SAN BENEDETTO DEL TRONTO – «La Fondazione non ha fini di lucro e persegue esclusivamente per il territorio di propria competenza scopi di utilità sociale e scopi di promozione dello sviluppo economico»: letto, copiato e riscritto dall’articolo 4 dello Statuto della Fondazione Carisap.
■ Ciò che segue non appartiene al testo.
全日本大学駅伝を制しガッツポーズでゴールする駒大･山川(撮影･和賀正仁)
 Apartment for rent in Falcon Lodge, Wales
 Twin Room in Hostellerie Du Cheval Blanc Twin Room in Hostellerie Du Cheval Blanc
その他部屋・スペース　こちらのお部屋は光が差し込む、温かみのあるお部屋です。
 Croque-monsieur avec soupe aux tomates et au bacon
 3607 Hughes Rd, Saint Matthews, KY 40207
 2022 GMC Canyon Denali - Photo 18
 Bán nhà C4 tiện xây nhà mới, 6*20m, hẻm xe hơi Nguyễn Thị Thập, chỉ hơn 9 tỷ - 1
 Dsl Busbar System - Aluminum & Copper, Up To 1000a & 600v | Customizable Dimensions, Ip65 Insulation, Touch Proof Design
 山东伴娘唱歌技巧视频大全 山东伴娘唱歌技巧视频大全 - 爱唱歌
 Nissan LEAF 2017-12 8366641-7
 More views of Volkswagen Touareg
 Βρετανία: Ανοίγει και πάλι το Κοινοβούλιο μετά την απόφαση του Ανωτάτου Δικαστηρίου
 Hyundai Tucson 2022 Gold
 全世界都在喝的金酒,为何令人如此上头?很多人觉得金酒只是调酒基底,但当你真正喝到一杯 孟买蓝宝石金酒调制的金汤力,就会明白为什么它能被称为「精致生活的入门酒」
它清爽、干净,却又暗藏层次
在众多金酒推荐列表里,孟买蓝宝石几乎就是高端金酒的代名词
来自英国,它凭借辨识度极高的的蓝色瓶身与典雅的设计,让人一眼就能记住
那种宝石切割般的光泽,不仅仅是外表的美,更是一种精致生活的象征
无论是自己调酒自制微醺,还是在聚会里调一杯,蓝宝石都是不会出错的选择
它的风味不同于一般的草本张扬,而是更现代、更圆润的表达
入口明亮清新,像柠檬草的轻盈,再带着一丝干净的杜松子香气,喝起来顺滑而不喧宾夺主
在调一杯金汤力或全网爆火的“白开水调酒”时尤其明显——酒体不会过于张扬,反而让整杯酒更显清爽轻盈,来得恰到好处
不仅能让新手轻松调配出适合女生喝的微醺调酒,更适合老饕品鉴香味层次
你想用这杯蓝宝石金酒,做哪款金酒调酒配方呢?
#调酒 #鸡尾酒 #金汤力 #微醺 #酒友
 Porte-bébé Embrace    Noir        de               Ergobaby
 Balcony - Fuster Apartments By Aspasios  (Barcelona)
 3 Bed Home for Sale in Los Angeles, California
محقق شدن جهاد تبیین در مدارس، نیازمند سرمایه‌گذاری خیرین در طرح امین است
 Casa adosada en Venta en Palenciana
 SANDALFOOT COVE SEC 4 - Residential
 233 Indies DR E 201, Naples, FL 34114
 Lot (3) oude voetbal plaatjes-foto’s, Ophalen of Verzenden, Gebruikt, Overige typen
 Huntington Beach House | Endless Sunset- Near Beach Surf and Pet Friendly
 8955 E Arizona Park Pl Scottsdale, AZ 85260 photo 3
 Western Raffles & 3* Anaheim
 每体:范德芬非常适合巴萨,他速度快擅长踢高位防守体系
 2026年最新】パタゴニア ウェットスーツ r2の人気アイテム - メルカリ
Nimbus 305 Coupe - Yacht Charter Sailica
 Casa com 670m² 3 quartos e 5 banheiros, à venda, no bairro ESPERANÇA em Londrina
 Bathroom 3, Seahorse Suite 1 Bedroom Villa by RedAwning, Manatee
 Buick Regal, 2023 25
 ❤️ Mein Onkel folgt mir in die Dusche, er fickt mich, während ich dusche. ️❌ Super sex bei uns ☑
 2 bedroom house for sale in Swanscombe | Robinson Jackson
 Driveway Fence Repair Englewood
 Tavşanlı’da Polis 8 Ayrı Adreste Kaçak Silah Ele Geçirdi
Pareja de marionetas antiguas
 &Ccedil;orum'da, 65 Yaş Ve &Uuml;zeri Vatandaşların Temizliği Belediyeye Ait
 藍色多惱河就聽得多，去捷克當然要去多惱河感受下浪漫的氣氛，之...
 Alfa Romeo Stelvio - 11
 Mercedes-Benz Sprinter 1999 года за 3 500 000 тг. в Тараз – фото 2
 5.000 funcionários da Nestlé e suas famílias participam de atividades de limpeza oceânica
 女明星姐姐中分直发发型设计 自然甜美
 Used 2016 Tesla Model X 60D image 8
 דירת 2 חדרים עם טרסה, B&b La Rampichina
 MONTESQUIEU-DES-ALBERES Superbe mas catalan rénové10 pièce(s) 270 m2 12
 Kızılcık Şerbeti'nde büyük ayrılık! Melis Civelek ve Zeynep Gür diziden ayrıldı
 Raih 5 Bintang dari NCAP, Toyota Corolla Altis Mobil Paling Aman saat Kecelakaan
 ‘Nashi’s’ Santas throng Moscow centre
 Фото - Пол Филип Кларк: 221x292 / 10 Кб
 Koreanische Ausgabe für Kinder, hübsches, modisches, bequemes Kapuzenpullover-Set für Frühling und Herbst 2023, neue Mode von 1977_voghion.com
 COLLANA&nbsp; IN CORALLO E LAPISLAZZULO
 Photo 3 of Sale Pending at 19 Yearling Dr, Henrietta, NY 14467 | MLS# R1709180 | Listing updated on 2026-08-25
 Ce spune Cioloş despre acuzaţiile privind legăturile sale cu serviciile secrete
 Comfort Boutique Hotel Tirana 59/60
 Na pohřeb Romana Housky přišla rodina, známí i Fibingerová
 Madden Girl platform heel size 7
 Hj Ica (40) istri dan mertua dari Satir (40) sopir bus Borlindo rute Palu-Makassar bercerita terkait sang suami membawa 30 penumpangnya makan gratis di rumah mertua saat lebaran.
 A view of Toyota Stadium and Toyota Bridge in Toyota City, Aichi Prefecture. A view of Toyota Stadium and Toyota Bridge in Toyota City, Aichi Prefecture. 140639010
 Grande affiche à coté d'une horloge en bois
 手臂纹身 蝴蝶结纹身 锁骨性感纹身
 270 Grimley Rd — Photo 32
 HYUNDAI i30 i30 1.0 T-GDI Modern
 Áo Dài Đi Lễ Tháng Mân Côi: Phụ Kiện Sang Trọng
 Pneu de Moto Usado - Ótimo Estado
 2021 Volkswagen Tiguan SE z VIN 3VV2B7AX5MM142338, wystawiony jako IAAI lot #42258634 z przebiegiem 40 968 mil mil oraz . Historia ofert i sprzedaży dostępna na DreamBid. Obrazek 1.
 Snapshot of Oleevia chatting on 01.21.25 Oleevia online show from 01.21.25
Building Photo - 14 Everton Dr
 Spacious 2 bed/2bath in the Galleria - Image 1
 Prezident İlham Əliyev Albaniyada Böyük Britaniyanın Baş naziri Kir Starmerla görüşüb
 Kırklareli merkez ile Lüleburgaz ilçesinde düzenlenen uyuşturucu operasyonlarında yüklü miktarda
Che ora, però – a meno che dal colloquio che sta intercorrendo tra il sindaco Giovanni Gaspari e il presidente della Fondazione Vincenzo Marini Marini non emergano novità a questo punto clamorose – dovrà in qualche modo “aprirsi” davvero alla cosiddetta “opinione pubblica”, per spiegare quello che, negli ultimi 12 mesi (esattamente dal 29 novembre 2007, quando in una inaspettata conferenza stampa Gaspari e Marini Marini si presentarono assieme per spiegare che l’area del Ballarin sarebbe stato oggetto dell’intervento della Fondazione) non è stato spiegato. La Fondazione, come ente privato, può dare tutti gli ultimatum che vuole.

Ma non crediamo che all’immagine sua e della Carisap convenga mostrarsi come un soggetto autoritario, che impone ad una città come San Benedetto un’agenda di scadenze senza aver minimamente spiegato cosa Bernard Tschumi dovrà lì realizzare; o senza che vi sia stata l’indicazione del Consiglio comunale su quello che di necessario ed utile vi è per San Benedetto e per l’intera Riviera (sbagliato non coinvolgere, anche economicamente, Grottammare) in quell’area.

Non è tollerabile che a fronte di un investimento di 10 milioni di euro – ben ripagato, però, dalla gestione degli eventuali introiti della “Cosa” e dalla donazione (o simili) dell’area dell’ex stadio – si dica ad una città «prendere o lasciare». L’avremmo capito se la “Cosa” fosse stata, finalmente, svelata; l’avremmo capito se almeno una piccola frazione di quei dieci milioni di euro fossero preventivamente spesi per progetti e analisi turistico-economiche della Riviera, indirizzate ad individuare la struttura migliore da realizzare (una sala polivalente sì, ma di cosa? Un Palacongressi, e il parcheggio? Un Museo della Civiltà Marina? Un’arena all’aperto?).

Invece, così, San Benedetto desta davvero, dopo un’anno, la penosa immagine di Città dei Balocchi, dove tutto è possibile.